§ **WORK ITEM**
Please copy the records exactly as they appear, with all pictures left out.

[Stored items from a collection]
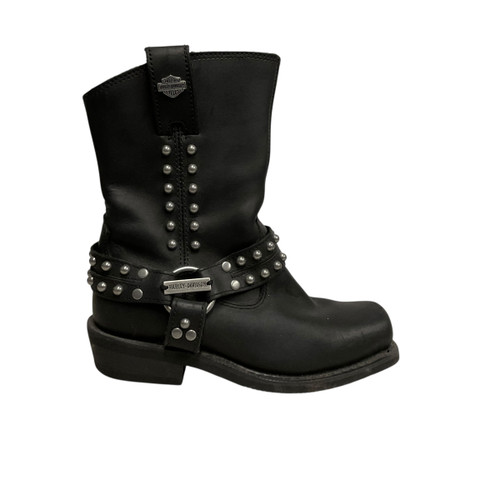 Vist Large View of Product Image Which is Used Harley-Davidson Outerwear Boots 7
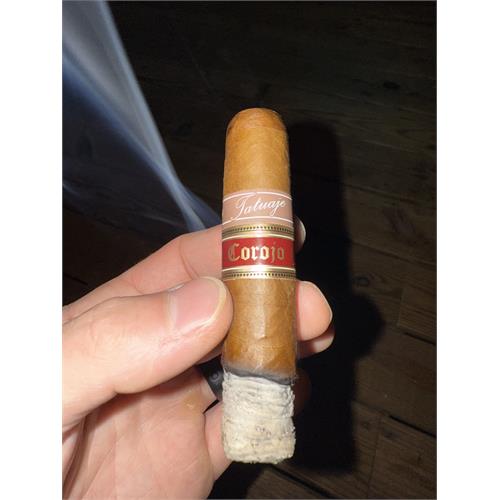 Tatuaje Cohetes Corojo 4  * 50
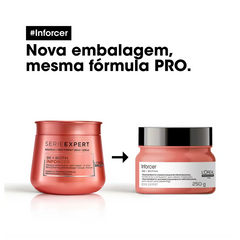L'Oréal Professionnel Serie Expert Inforcer - Máscara Capilar 250g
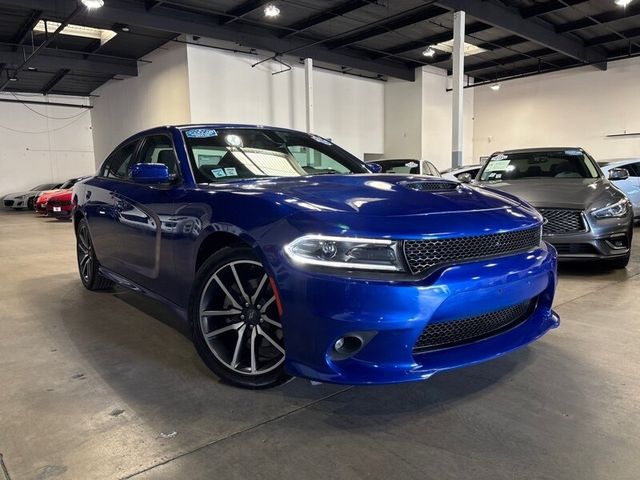 2022 Dodge Charger GT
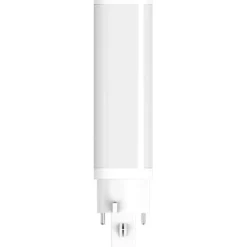 LED-pistokantalamppu Airam opaali pistokanta G24D-2 4000K 720lm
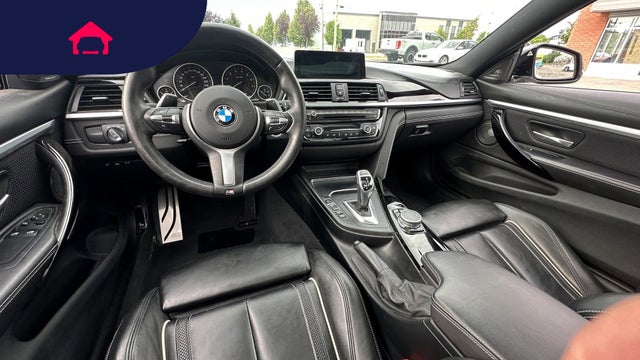 2016 BMW 4 Series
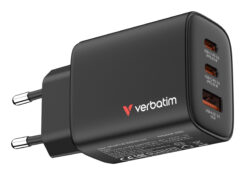 Verbatim 32352 oplader voor mobiele apparatuur Universeel Zwart AC Snel opladen Binnen - Afbeelding 3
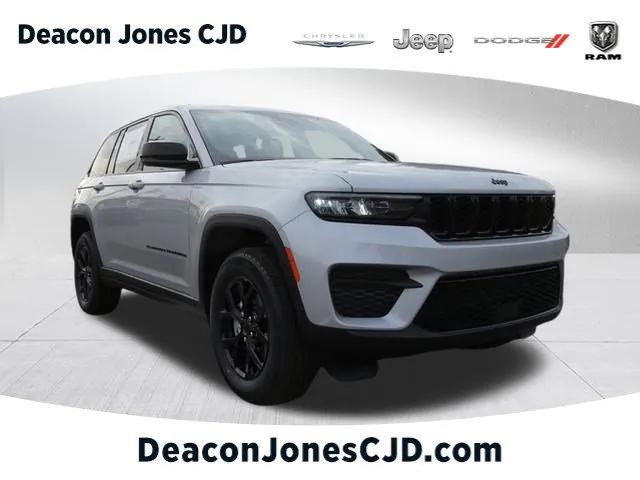 2025 Jeep Grand Cherokee GRAND CHEROKEE ALTITUDE X 4X2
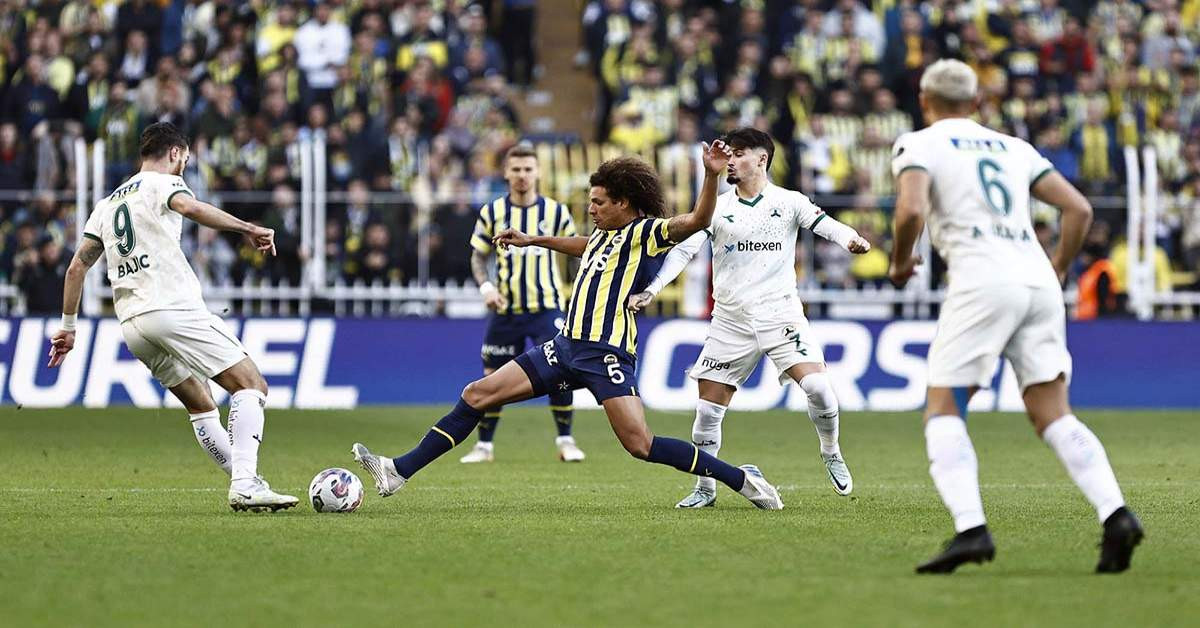 Giresunspor Fenerbahçe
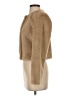 Zara Tan Faux Fur Jacket Size XS - photo 5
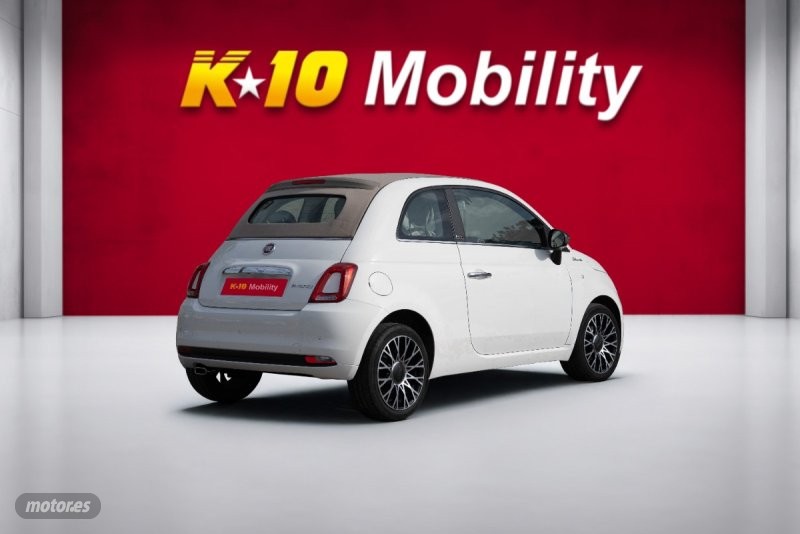 fiat 500 2022 / 38.959km. foto grande (2)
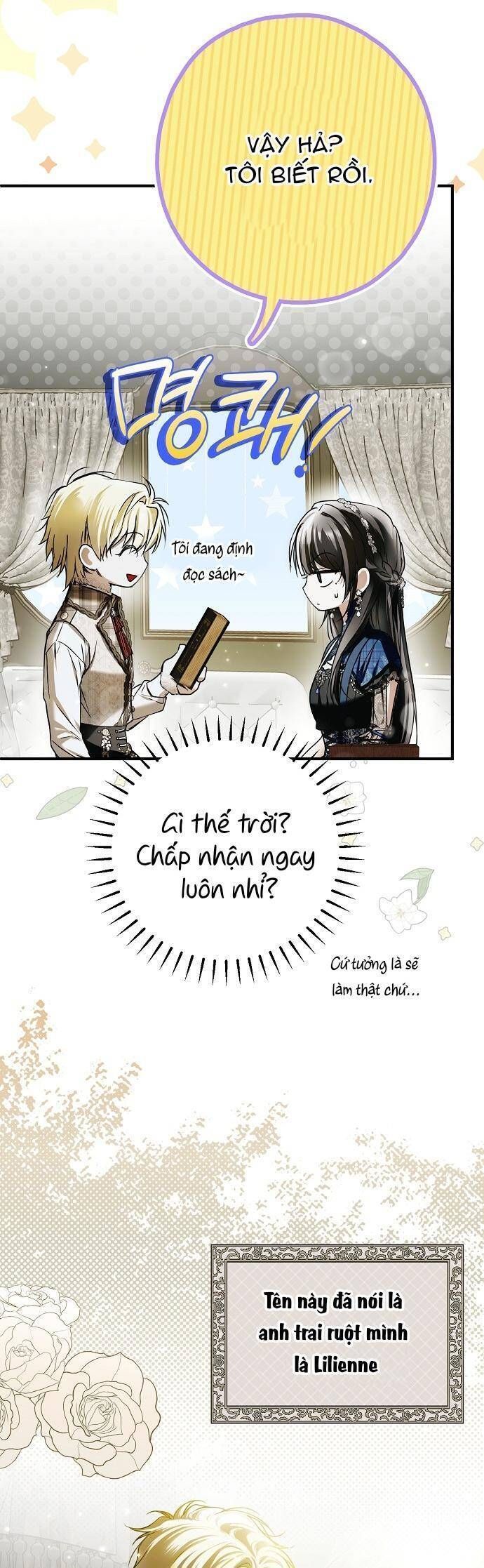 Ai Đó Đang Điều Khiển Cơ Thể Của Tôi Chapter 32.1 - Trang 2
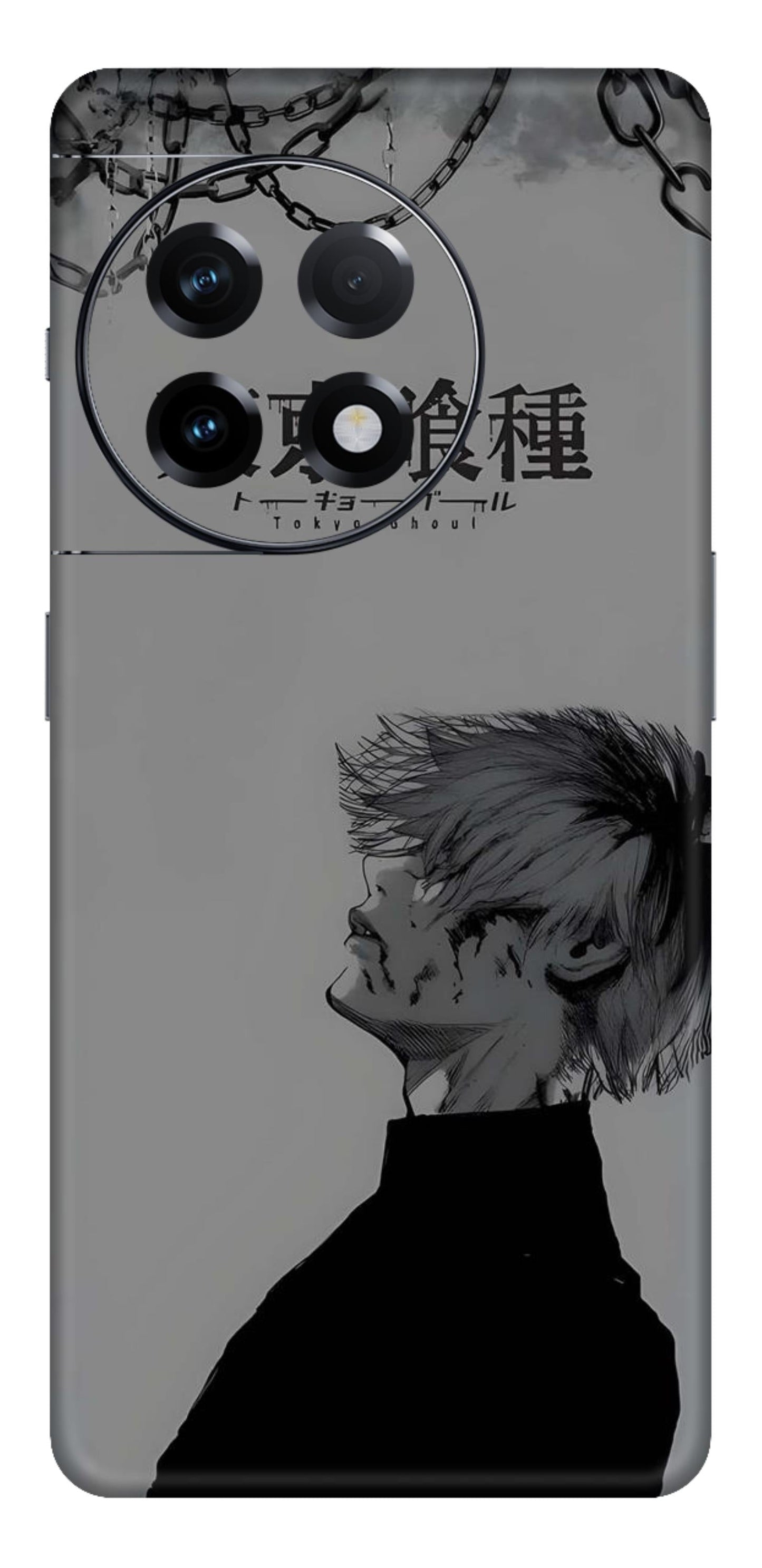 Tokyo Ghoul Mobile Skin (Black Reaper) - All Mobile Available
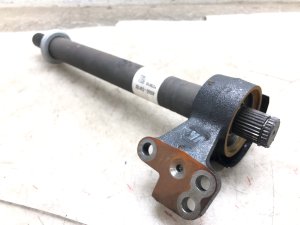 2022-2025 Hyundai Tucson CV Axle Shaft with Intermediate Jackshaft - Front, Right (Passenger) (Used OEM)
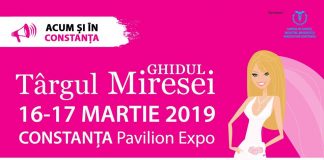 Targ de nunta: Ghidul Miresei / 16-17 Martie, Pavilion Expo, Constanta Targ de nunti Ghidul Miresei - Constanta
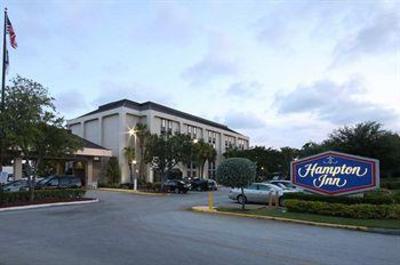 фото отеля Hampton Inn Ft. Lauderdale - Cypress Creek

§ **TASK RESULT**
 Vist Large View of Product Image Which is Used Harley-Davidson Outerwear Boots 7
 Tatuaje Cohetes Corojo 4  * 50
L'Oréal Professionnel Serie Expert Inforcer - Máscara Capilar 250g
 2022 Dodge Charger GT
 LED-pistokantalamppu Airam opaali pistokanta G24D-2 4000K 720lm
 2016 BMW 4 Series
 Verbatim 32352 oplader voor mobiele apparatuur Universeel Zwart AC Snel opladen Binnen - Afbeelding 3
 2025 Jeep Grand Cherokee GRAND CHEROKEE ALTITUDE X 4X2
 Giresunspor Fenerbahçe
 Zara Tan Faux Fur Jacket Size XS - photo 5
 fiat 500 2022 / 38.959km. foto grande (2)
 Ai Đó Đang Điều Khiển Cơ Thể Của Tôi Chapter 32.1 - Trang 2
 Tokyo Ghoul Mobile Skin (Black Reaper) - All Mobile Available
 2022-2025 Hyundai Tucson CV Axle Shaft with Intermediate Jackshaft - Front, Right (Passenger) (Used OEM)
 Targ de nunta: Ghidul Miresei / 16-17 Martie, Pavilion Expo, Constanta Targ de nunti Ghidul Miresei - Constanta
 фото отеля Hampton Inn Ft. Lauderdale - Cypress Creek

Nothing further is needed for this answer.